This sentence wiped away any doubts that I had done right: Veterans can get their boundaries hurt too, and no newbie is allowed to do that. It doesn't help either one of the two parties if one is allowed to get away with abusive and disrespectful behavior.
I simply told my guest that I resented that she never asked me if it was okay for her to stay longer than agreed, that she never answered my questions about her plans and then simply give me a date when she planned to leave without asking me if she could stay on until then, completely ignoring my previously expressed wishes. She told me that I was "sick" because I could not handle her being a free spirit who wouldn't plan her life or her trip, and that I was not open and not loving ... and yadayada. Not once and in no way did she ever address my wish for clarity and my demand for her respect in my house. She did not even deal with the point I was trying to make. She just drove over it like a steam-roller.
I looked at her very heated face and asked her to leave right away, after she told me bluntly: "I will go for a swim now until you get your act together." In reality I believe that she was very embarrassed and couldn't handle me being outspoken, but that was not my problem.
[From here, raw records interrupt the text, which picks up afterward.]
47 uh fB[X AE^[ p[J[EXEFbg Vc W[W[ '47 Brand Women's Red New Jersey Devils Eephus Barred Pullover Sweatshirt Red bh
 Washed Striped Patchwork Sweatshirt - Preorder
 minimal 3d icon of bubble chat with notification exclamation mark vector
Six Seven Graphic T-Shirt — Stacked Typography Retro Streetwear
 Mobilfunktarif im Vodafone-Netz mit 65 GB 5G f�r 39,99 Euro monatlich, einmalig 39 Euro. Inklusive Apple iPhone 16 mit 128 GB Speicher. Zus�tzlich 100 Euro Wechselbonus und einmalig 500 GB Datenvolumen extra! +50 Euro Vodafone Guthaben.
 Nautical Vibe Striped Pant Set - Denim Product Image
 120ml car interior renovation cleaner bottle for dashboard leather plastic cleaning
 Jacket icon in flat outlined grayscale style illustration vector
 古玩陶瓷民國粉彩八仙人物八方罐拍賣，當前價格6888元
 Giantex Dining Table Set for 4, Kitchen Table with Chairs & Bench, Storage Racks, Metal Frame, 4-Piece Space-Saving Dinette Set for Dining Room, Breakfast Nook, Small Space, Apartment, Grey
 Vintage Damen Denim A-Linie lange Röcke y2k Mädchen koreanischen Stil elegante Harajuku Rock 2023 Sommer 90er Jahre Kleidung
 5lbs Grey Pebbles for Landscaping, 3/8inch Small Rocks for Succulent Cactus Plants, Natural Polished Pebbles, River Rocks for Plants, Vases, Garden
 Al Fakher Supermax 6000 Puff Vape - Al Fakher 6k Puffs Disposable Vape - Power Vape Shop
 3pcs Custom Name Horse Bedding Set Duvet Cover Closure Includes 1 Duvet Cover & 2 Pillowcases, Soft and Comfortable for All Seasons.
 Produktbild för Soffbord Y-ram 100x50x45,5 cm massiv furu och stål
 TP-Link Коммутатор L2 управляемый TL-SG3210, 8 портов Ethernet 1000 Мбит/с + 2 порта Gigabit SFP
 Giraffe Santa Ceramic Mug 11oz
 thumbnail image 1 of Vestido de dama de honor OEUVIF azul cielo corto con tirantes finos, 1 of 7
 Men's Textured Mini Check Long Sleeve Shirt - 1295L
Since I felt my act was all good and needed some respect from my part too, I asked her to leave right away. She turned away several times to go for her swim, and I had to repeat my wish that she'd leave the house. Still - she would not make one step back and relate to the situation I had mentioned. She never dealt with it. And that's how she treats a lot of things in her life. I did my best in helping her - I did not let her get away with it.
Spiritual blabla and the "readings" of experts about somebody else's nature are no healing tools for people like her, I realized that once more. It was like: Somebody drops an egg, it breaks, and the somebody then blames you because you gave her the egg, and she won't deal with the egg any more at all but asks you for a new one. I learned a lot about myself during those days. And about those eggs.
Henry Opukahaia, sometimes called the "first Hawaiian Christian," once wrote when he was being educated in a Christian school in New England, "Our first care should be to keep our own thoughts right, and then our outward conduct will also be good." How true is that.